The Propfan

I’d written this as a brief essay in the ARCFT-115 class and figured it may be of value to the world:

The Propfan
Turbojet-based Unducted Fan

Turbojet-based engines — which continuously compress ingested air, combust the compressed air combined with injected fuel, and leverage the exhaust gases to drive the compressor assembly — provide a considerably higher power to weight ratio than reciprocating engines.

Presently, amongst fixed-wing, commercial airlines worldwide, there are two primary types of turbo-compound turbojet engines in use: the turbofan and the turboprop.

Subsequent to the oil crisis of 1973, NASA-guided research sought greater fuel efficiency gains in propulsion technologies for commercial aerospace than the ubiquitous turbofan and turboprop engines.

One of the proposed and tested implementations was of the “propfan” model.

The propfan combined the well-understood technologies of both the turbofan and turboprop puller-type designs but included a second, coaxial fan counter-rotating to negate the thrust torque imparted by a single-fan/single-propeller engine in a pusher configuration.

NASA installed a test engine, constructed by General Electric as the GE36 propfan, onto a Boeing 727-100 airframe replacing one of the aircraft’s three engines. Research on this test model found that the tested propfan realized 35% greater fuel efficiency than its turbo-compound counterparts. Additional tests were performed on a McDonnell Douglas MD-80 finding similar results.

The onboard perceived noise — described as “buzzsaw-like” by witnesses at the time — would be minimized at cruise speeds by mounting the engines aft of the passengers and crew. By modern standards, this requirement will present significant design challenges to the existing wing-nacelle preference.

Testing in the mid-1980s revealed that the ground-level noise pressure of 70 dBA from 30,000 ft overhead flights — as loud as a typical household vacuum cleaner. Testing revealed that the noise signature could be lessened, but with a complete loss of all efficiency-gains realized with the propfan model.

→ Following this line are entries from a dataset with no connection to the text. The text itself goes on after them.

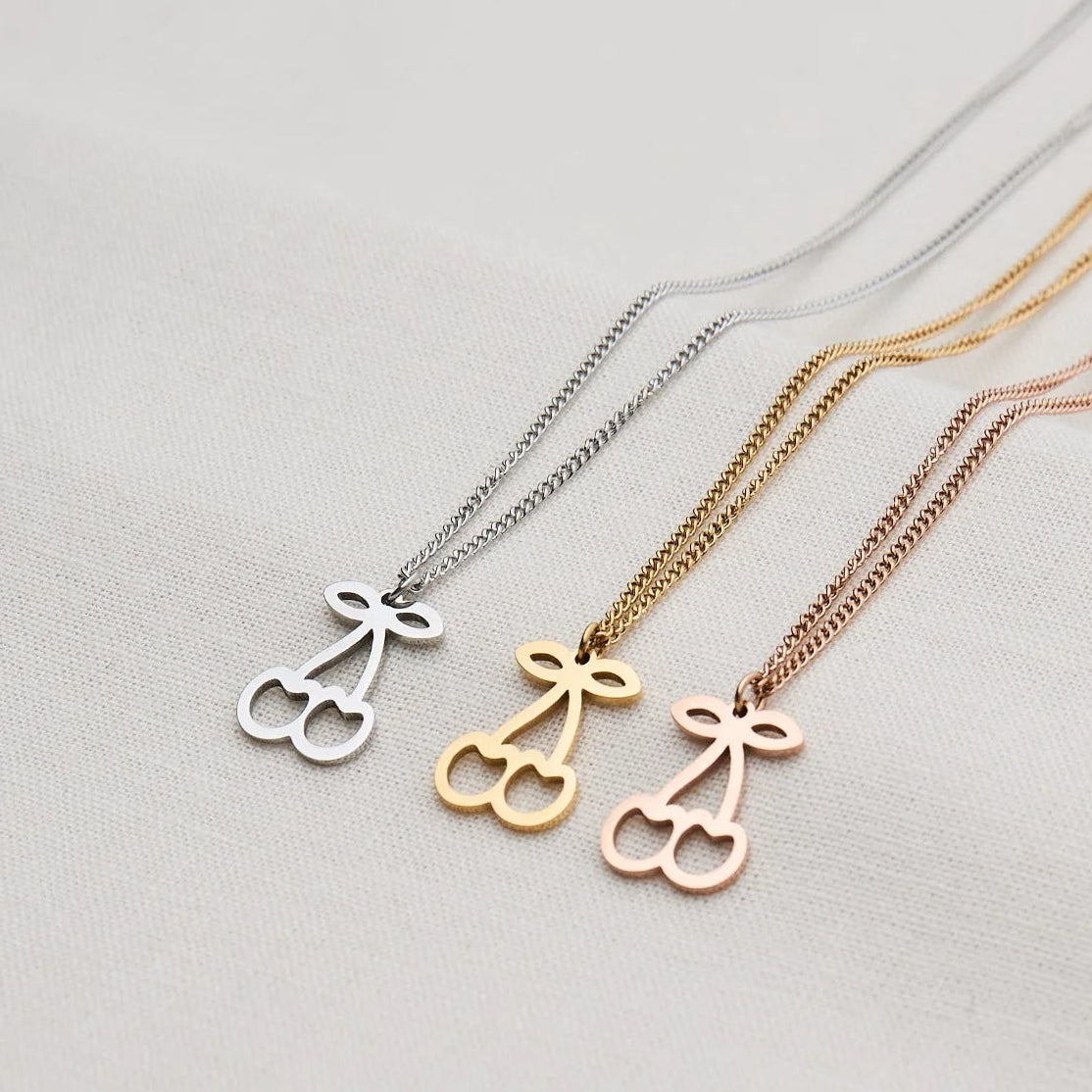 Kette mit Kirsche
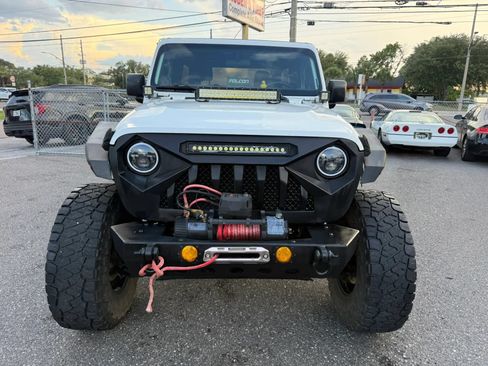 Used 2018 Jeep Wrangler Unlimited Sport AWD/4WD image 2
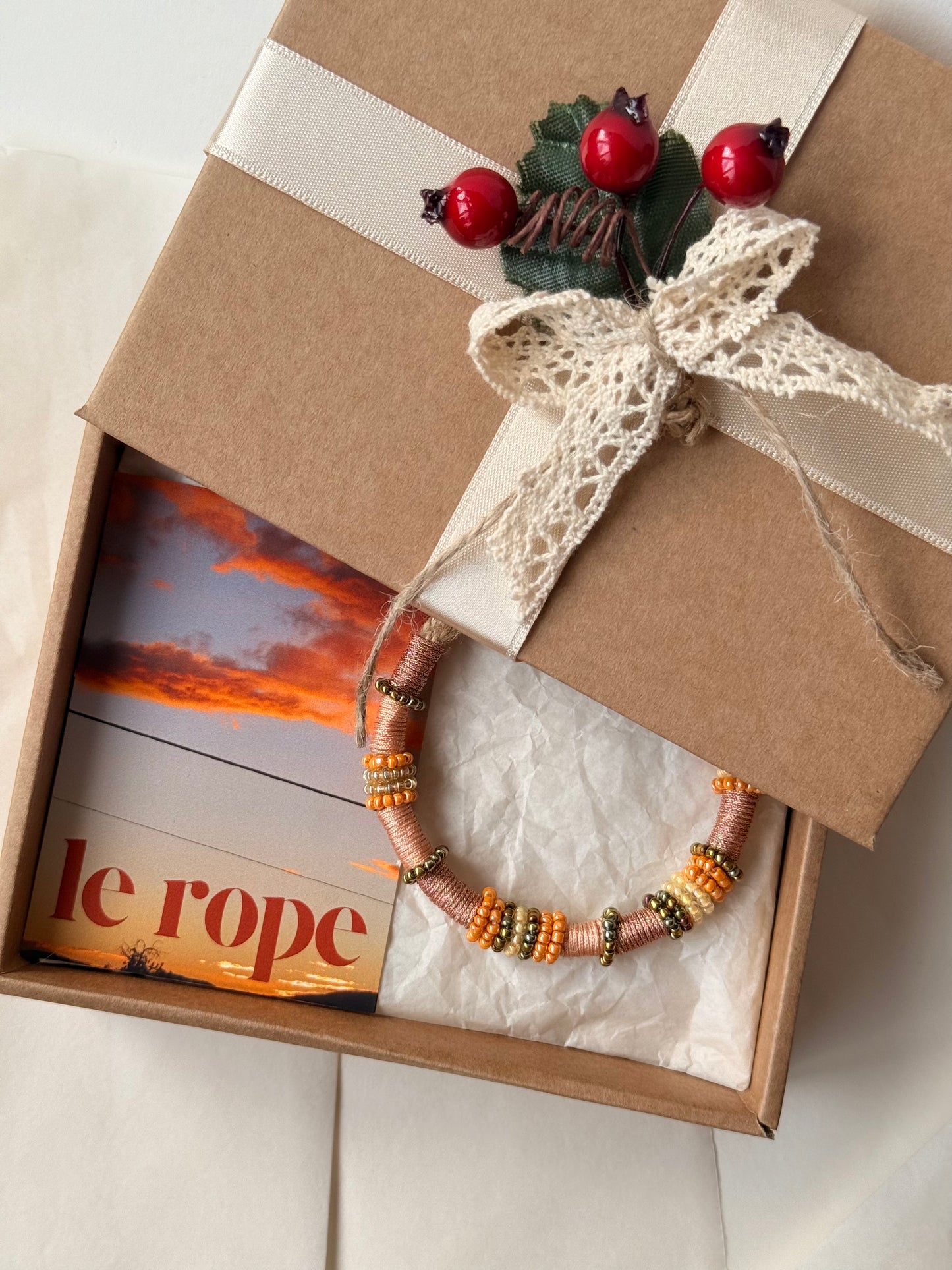 Christmas pack Le Rope Bracelet perfect for gift giving for Christmas season 2026 and New Year 2026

Combined development efforts on the planned Boeing 7J7 and McDonnell Douglas MD-94X were halted. The carbon-composite technologies realized in the GE36 Propfan have been implemented in the current generations of the GE90 and GEnx installed in the Boeing 747, 777, and 787 Dreamliner aircraft.

It would be a worthwhile model to investigate, learn, and explore further leveraging the combination of the additional 35 years of engine efficiency technology, noise abatement, and higher cruise altitudes.

And now, the addendum:

Celera 500L. Yes, it’s a V-12 reciprocating engine. But, what if…

What if engineers were to develop a suitably-sized propfan for it, might it be viable?